Two hours later, I was moving along the path, pushing branches and leaves out of the way. The path was getting narrower and narrower. Soon it would cease being a path at all and I would be moving around trees and bushes, checking my compass to make sure I was heading in the right direction.
Well, I knew the path would eventually end, I thought, wiping the tears from my face. I was surprised and thankful that it went this far.
"No more tears," I grumbled to myself. The flies were driving me crazy.
The more I walked the more I became aware of the noises around me and the more I couldn't believe I was doing what I was doing.
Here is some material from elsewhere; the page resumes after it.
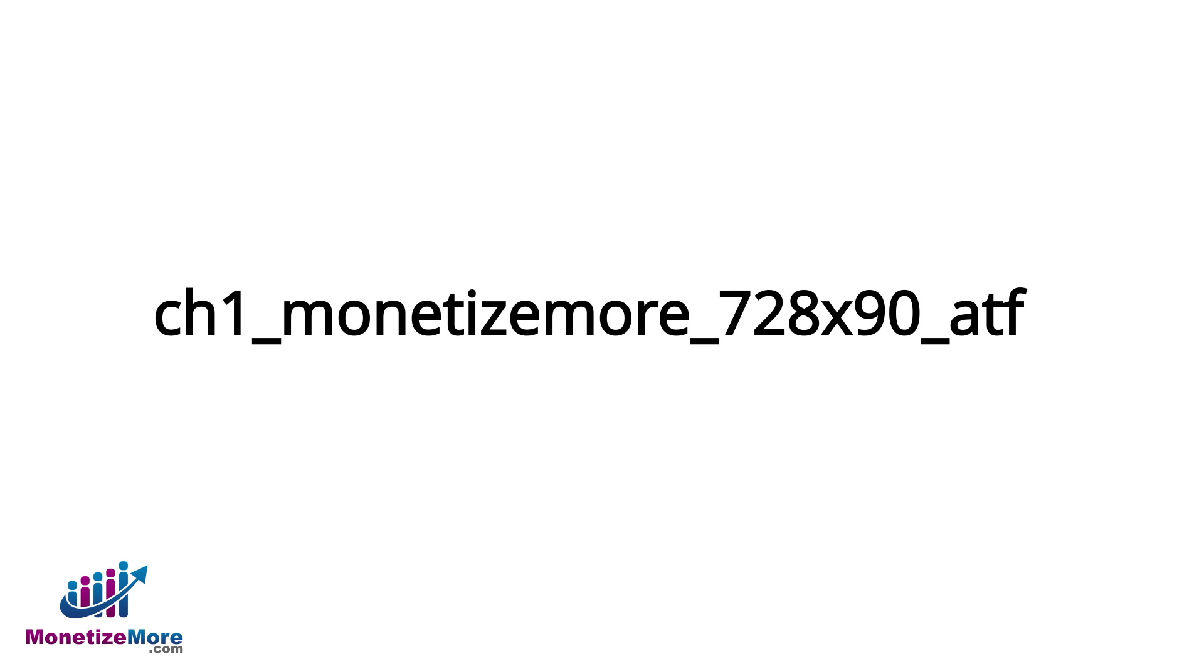The resulting ad unit should read as follows: CH1, monetize more, 728 by 90, ATF. Please note that we use underscores to separate the labels.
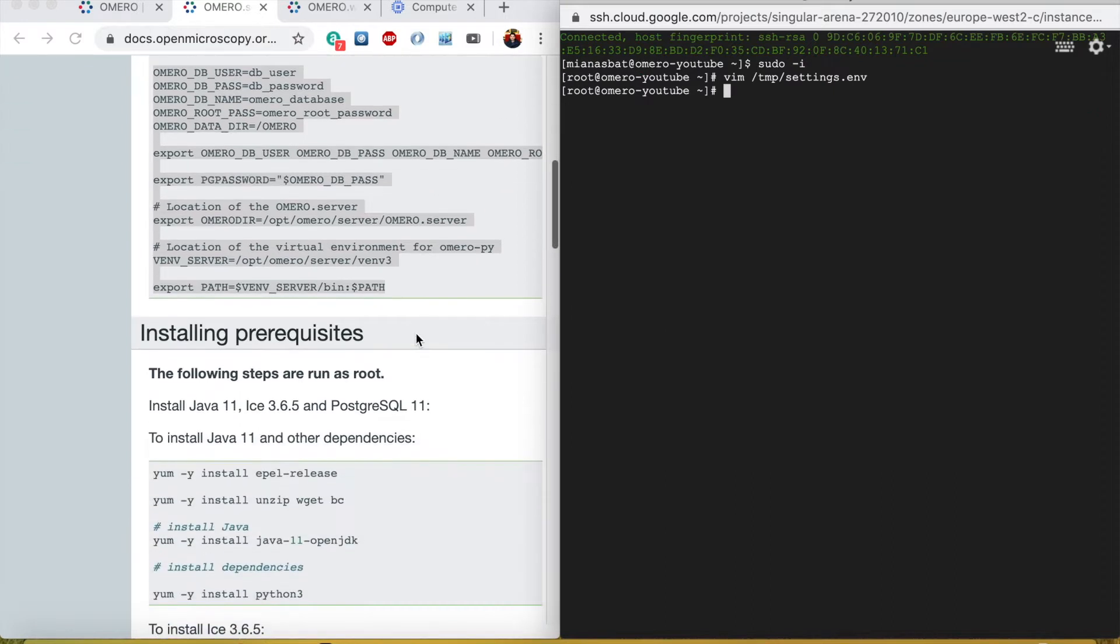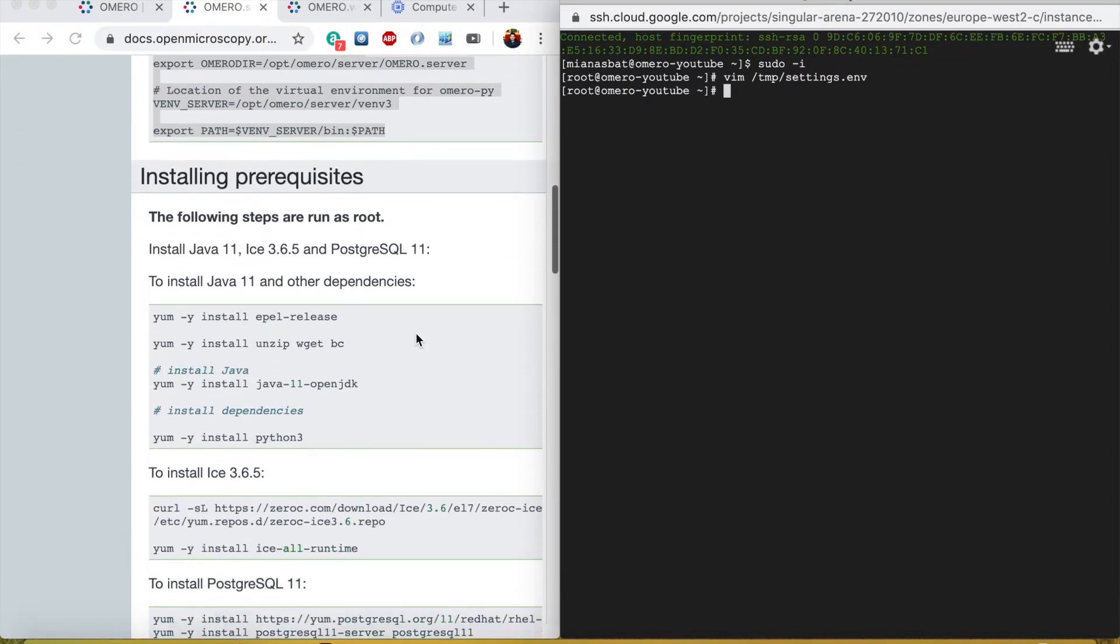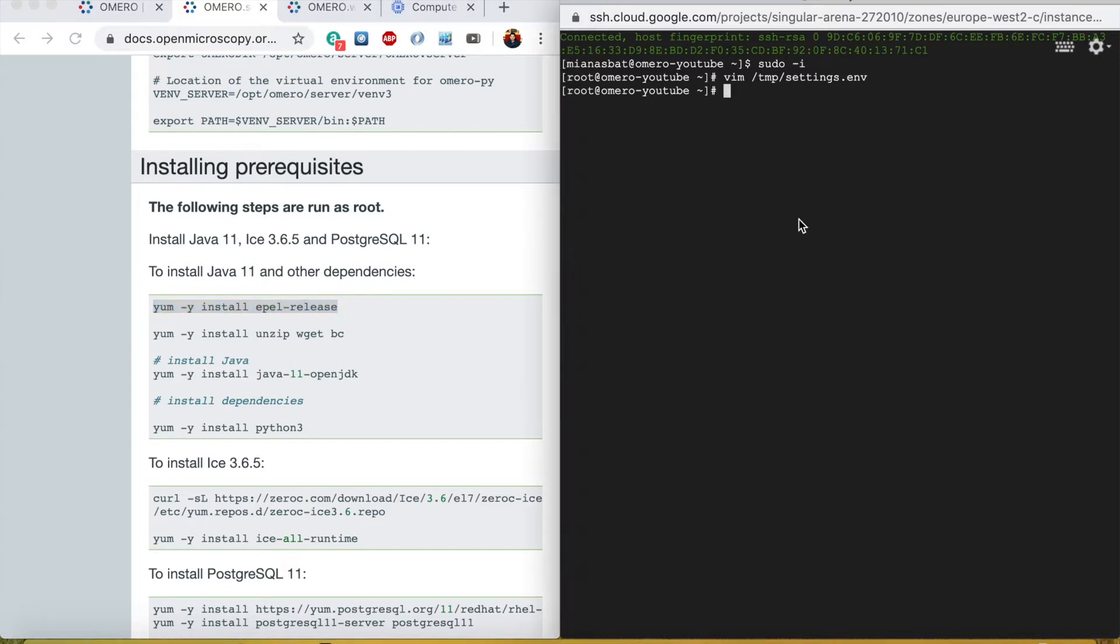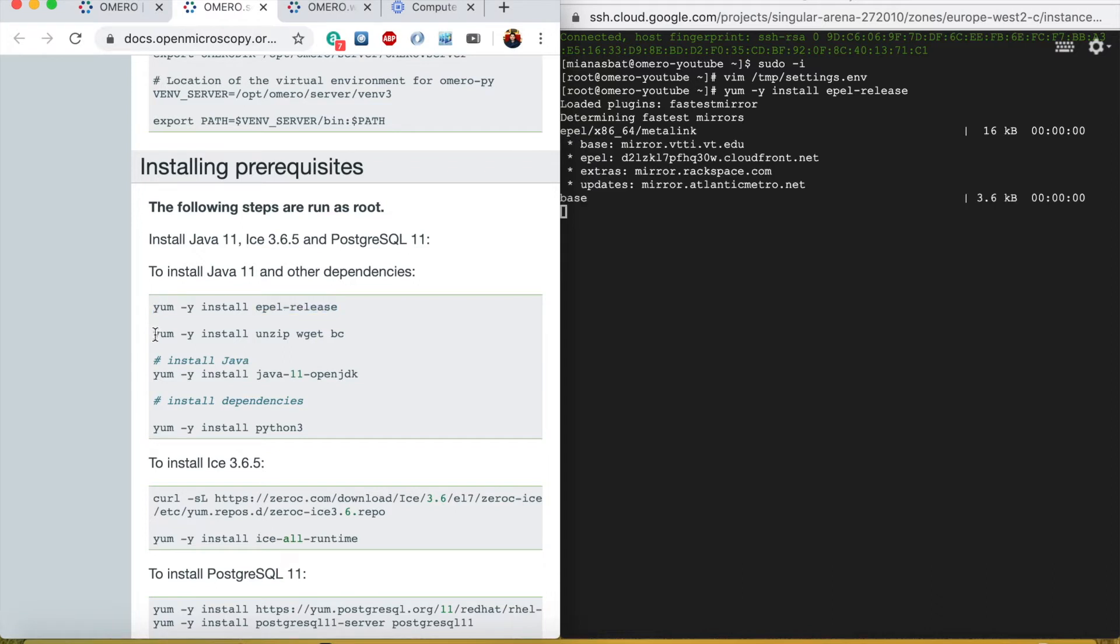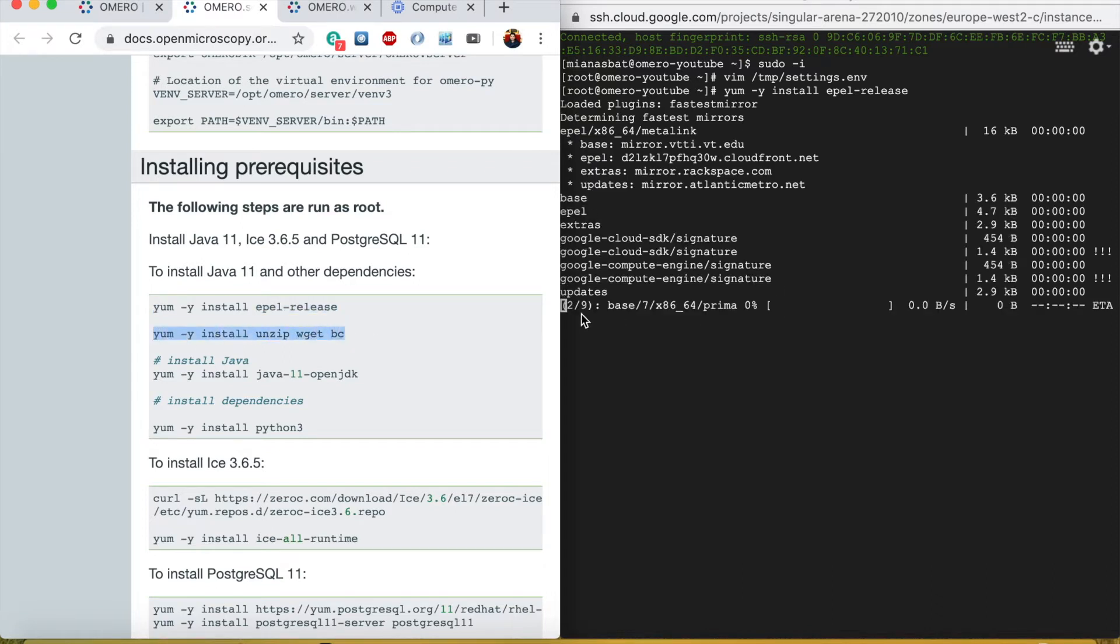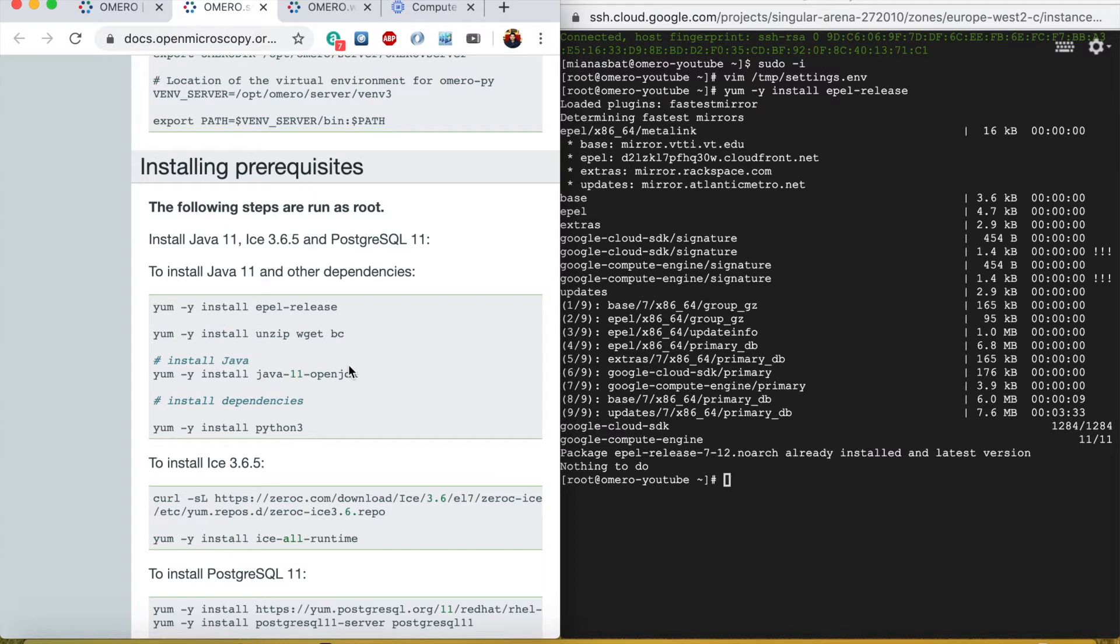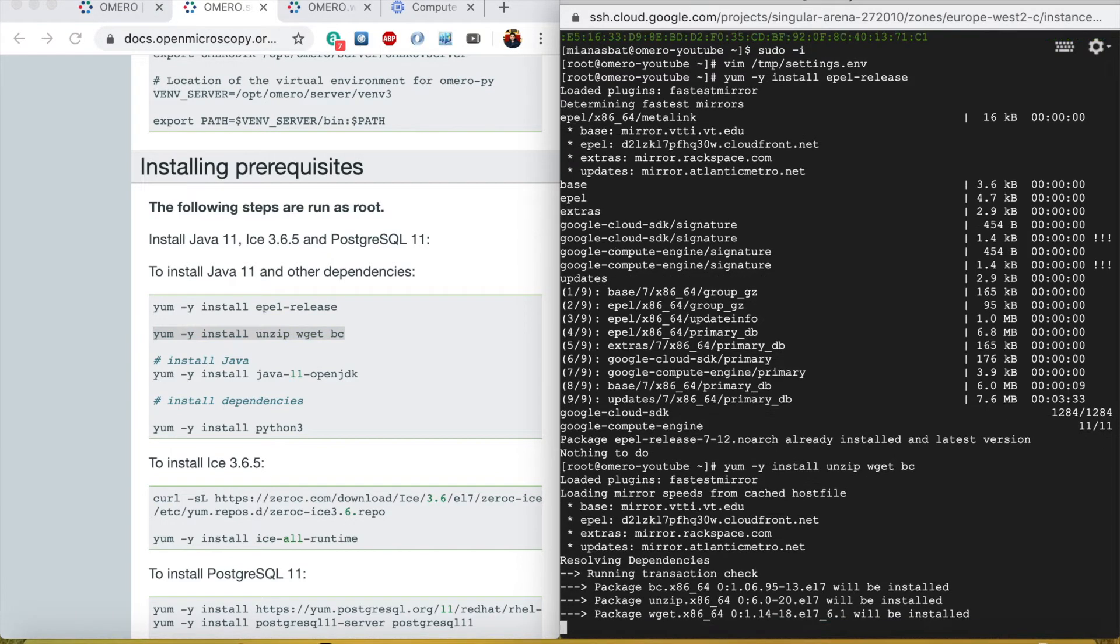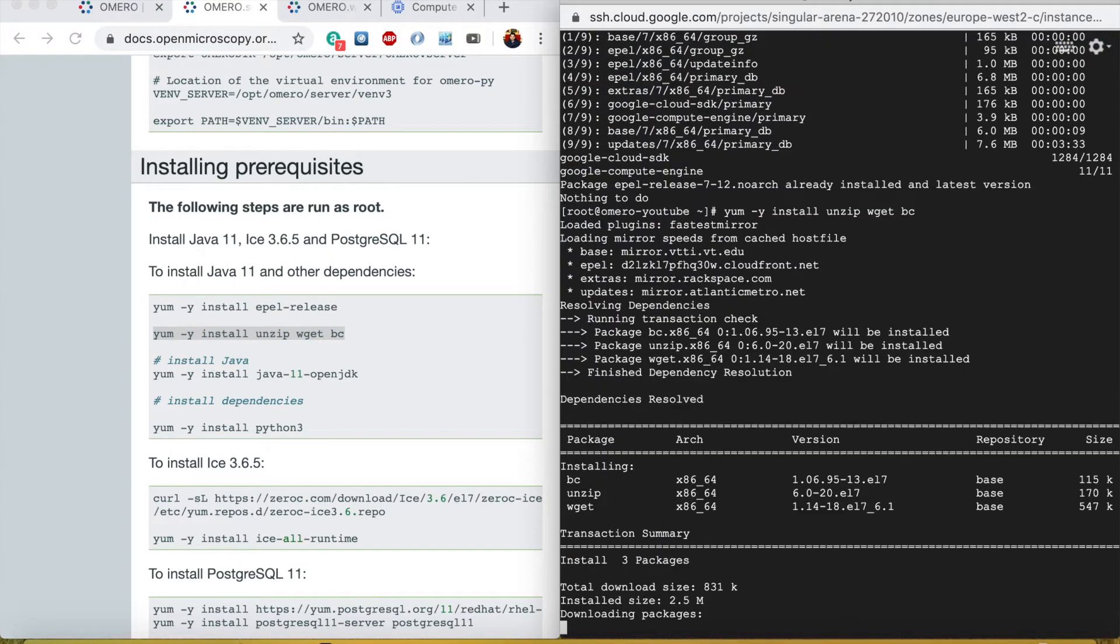Now I will install these requirements. Let's do this and the second one.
"I am in the Forbidden Greeny Jungle," I said out loud as I slapped at a mosquito. The repellant I had on was working (except for the flies that bothered my eyes), but no repella
nt was perfect. "Over two miles in. Alone." I laughed to myself. "And goodness knows what is watching me right now."
I kept my eyes trained in front of me. I knew that if I looked to either side into the dense foliage, I'd lose my cool. Since the encounter with the spiders, I had been doing better. But I could feel panic rising with each step I took. Anything could burst through the trees and attack me at any moment. I heard the sound of thrashing leaves from far away and then several loud screeches and surprised clucks. My legs started shaking again, but I kept moving.
"As long as I don't bother things, then things won't bother me," I said quietly.
I imagined myself as just another creature whose home was the Greeny Jungle. I was just going about my business. I belong here just like any dormouse or elgort, I thought. And this was how I thought for the next several hours when the path deteriorated into nothing and the sun began to set. I'd stepped around some of the widest trees I'd ever seen and even come across a small pond of brackish water. It was teeming with wriggling mosquito larvae, and I quickly moved on.
By the time I slowed down, I was exhausted. But I was proud of myself. Since the spiders, I had not completely panicked; nor had I run screaming into the trees, not even when I'd seen the large black horse staring at me through the trees several yards away. The horse was trotting by and it froze, flaring its nostrils when it saw me. I froze too. It was probably deciding whether I was a threat or not.
Its coat was shiny, and it had a long mane that reached the ground and covered its eyes. When it decided I wasn't a problem, it trotted on its way. I let out a breath of relief and continued on my way, too.
It was time to find a place to sleep. A safe place. But in the Forbidden Greeny Jungle, there was no such thing. At least none that I knew of. As the sun set, the noise of the jungle grew louder. It was as if more things were waking up than going to sleep. My ears pricked at every sound. There were screeches, clicks, chirps, grunts, cheeps, growls, shrieks, hoots, and caws; twigs snapped, leaves rustled, branches bent, and somewhere a tree fell. It was terribly noisy. I walked tentatively, my shoulders hunched as I tried to make myself as small as possible.